Testing Strategy — Advanced Interview Handbook

A pragmatic guide to testing for senior/staff interviews: the test pyramid and its anti-patterns, the levels (unit, integration, e2e) and when each pays off, test doubles (mock vs stub vs fake vs spy), TDD and BDD, what is worth testing, flaky tests and how to kill them, contract testing for microservices, why coverage is a misleading target, and modern practices (testcontainers, testing in production) — with a Q&A bank.

1. Why We Test (the goal)

Tests exist to give confidence to change code quickly, not to chase a coverage number. A good suite catches regressions, documents behavior, and lets you refactor fearlessly. A bad suite is slow, flaky, brittle, and tests implementation details — so people stop trusting and running it.

Senior answer: “I optimize the suite for confidence per second — fast, reliable feedback that lets me refactor without fear. Tests that break on every refactor (testing how, not what) are a liability, not an asset.”

2. The Test Pyramid (and its anti-patterns)

The classic shape: many fast unit tests at the base, fewer integration tests in the middle, a few end-to-end tests at the top.

        /\        E2E         few   — slow, brittle, high confidence on whole flow
       /　\       Integration  some  — real collaborators (DB, queue)
      /　　\      Unit          many  — fast, isolated, pinpoint failures
     /______\

Why: lower layers are faster, cheaper, and more precise about where a bug is. Push tests as low as they can meaningfully go.

Anti-patterns to name:

Ice-cream cone (inverted pyramid) — mostly slow E2E/manual tests, few unit tests → slow, flaky, expensive feedback.
Hourglass — many unit + many E2E but a missing integration middle → the “do the pieces actually talk?” gap.
The Testing Trophy (Kent C. Dodds) — a modern variant arguing integration tests give the best ROI for many apps (static analysis → unit → integration (largest) → e2e). Worth citing as a nuance: the “right” shape depends on the system.

Trap: dogmatically defending the pyramid. The senior view: “Shape it by risk and cost of failure — integration tests often give the best confidence-per-effort for service-heavy apps.”

3. The Test Levels

Unit — one unit (class/function) in isolation, collaborators faked. Milliseconds. Pinpoints the bug. Test behavior/public API, not private internals.
Integration — multiple components together, often with a real dependency (database, broker, HTTP) — catches wiring, serialization, SQL, config issues unit tests can’t.
End-to-end (E2E) — the whole system through the real UI/API, like a user. Highest confidence, slowest and flakiest — keep to critical user journeys (“happy paths that earn money”).
Others to mention: component, contract, performance/load, security, smoke, regression, exploratory.

Senior answer: “Unit tests tell me which unit is wrong fast; integration tests tell me the units work together; a thin layer of E2E proves the critical journeys end-to-end. I lean on integration for service code because that’s where most real bugs (SQL, serialization, config) live.”

4. Test Doubles (know the precise differences)

Interviewers test whether you conflate these:

Double	What it does
Dummy	Passed but never used (fill a parameter)
Stub	Returns canned answers to calls (state setup)
Spy	A stub that also records how it was called
Mock	Pre-programmed with expectations; verifies interactions (behavior)
Fake	A working lightweight implementation (in-memory DB/repository)

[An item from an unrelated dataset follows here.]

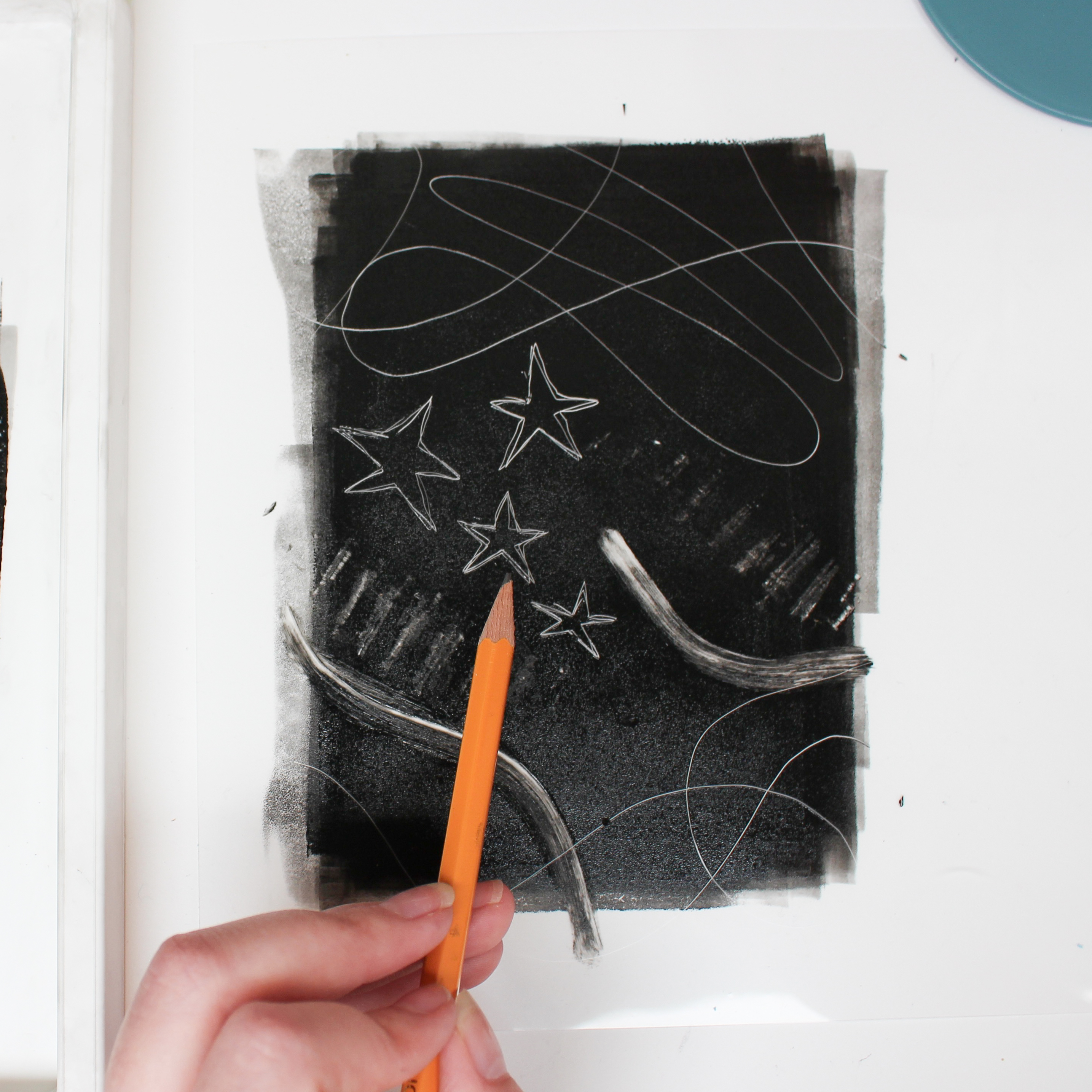 drawing onto the inked surface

Stub vs Mock is the classic question: a stub provides state for the test (“when called, return X”); a mock asserts the interaction happened (“verify save() was called once”). Stub = state verification; mock = behavior verification.

Trap: over-mocking. Mock only what you don’t own or what’s slow/non-deterministic (network, time, payment gateway). Mocking everything tests your mocks, not your code, and breaks on every refactor. Prefer fakes (in-memory) for repositories where possible.

5. What to Test (and what not to)

Test for behavior and risk, not lines:

Do test: business logic, edge cases and boundaries, error/failure paths, regressions (a test per fixed bug), and integration seams (DB, external APIs).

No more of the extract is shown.